From the comment: It identified some simple HTML files (html, head, title, body, p tags and not much else) as "MS Visual Basic source (VBA)", "ASP source (code)", and "Generic text document" where the `file` utility correctly identified all such examples as "HTML document text".

That's pretty soft. Nothing "adversarial" claimed either.

> Being strictly superior to a competent human is a pretty high bar to set.

The bar is the file utility.



Those are only soft to a human. I looked at a couple and I picked them correctly but I don't know what details the classifier was seeing which I was blind to. Not to say it was correct, just that we can't call them soft just because they're short and easy for a human.

> The bar is the file utility.

It has higher accuracy than that. You would reject it just because the failures are different even though they're less?


Yes. Unpredictable failures are significantly worse than predictable ones.
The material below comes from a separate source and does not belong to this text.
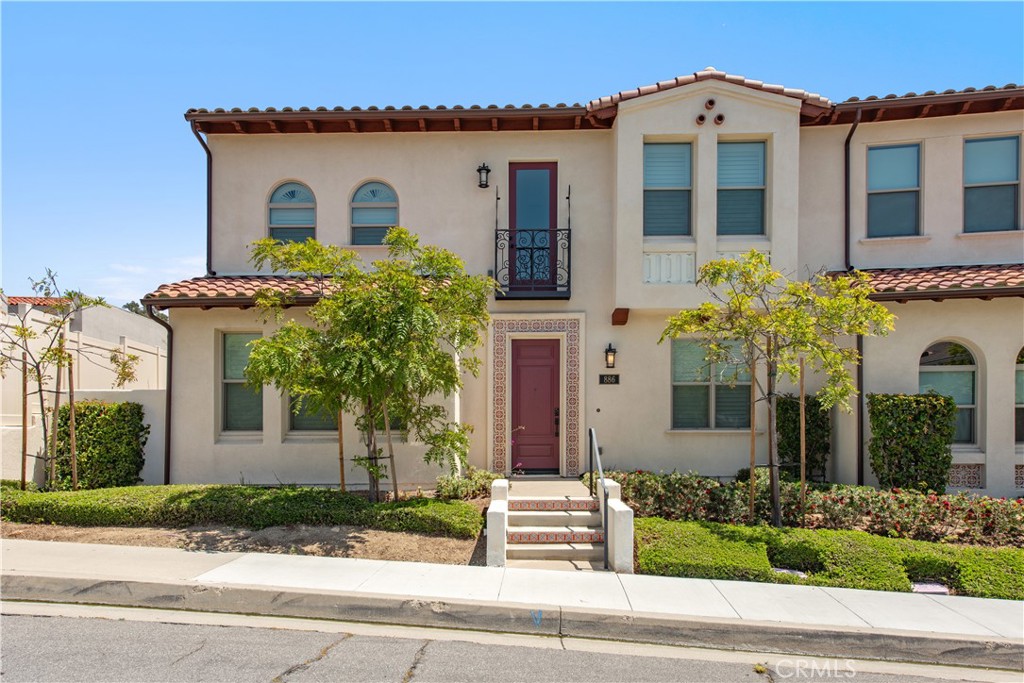 886 Francesca Property Photo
If file messes up, it's because it decided a ZIP-based document was a generic ZIP file. If Magika messes up, it's entirely random. I can work around file's failure modes, especially if it's one I work with often. Magika's failure modes strike at random and are not possible to anticipate. File also bails out when it doesn't know, a very common failure mode in Magika is that it confidently returns a random answer when it wasn't trained on a file type.


Your original statement was that having a couple of failures brings into question its claims about performance. It doesn't because it doesn't claim such high performance. 99.31% is lower than perhaps 997 out of 1000 or whatever the GP tested. Of course having unpredictable failures is a worry but it's a different worry.


They uploaded 3 sample files for the authors, there were more failures than that, and the failures that GP and others have experienced are of a less tolerable nature. This is the point I was making, that the value added by classifying files with no rigid structure is offset heavily by its unpredictable shortcomings and difficult-to-detect failure modes.

If you have a point of your own to make I'd prefer you jump to it. Nitpicking baseless assumptions like how many files the evil GP had to sift through in order to breathlessly bring us 3 bad eggs is not something I find worthwhile.


The point I'm making is that you drew a conclusion based on insufficient information, apparently by making assumptions about the distribution of failures or the definition of "easy".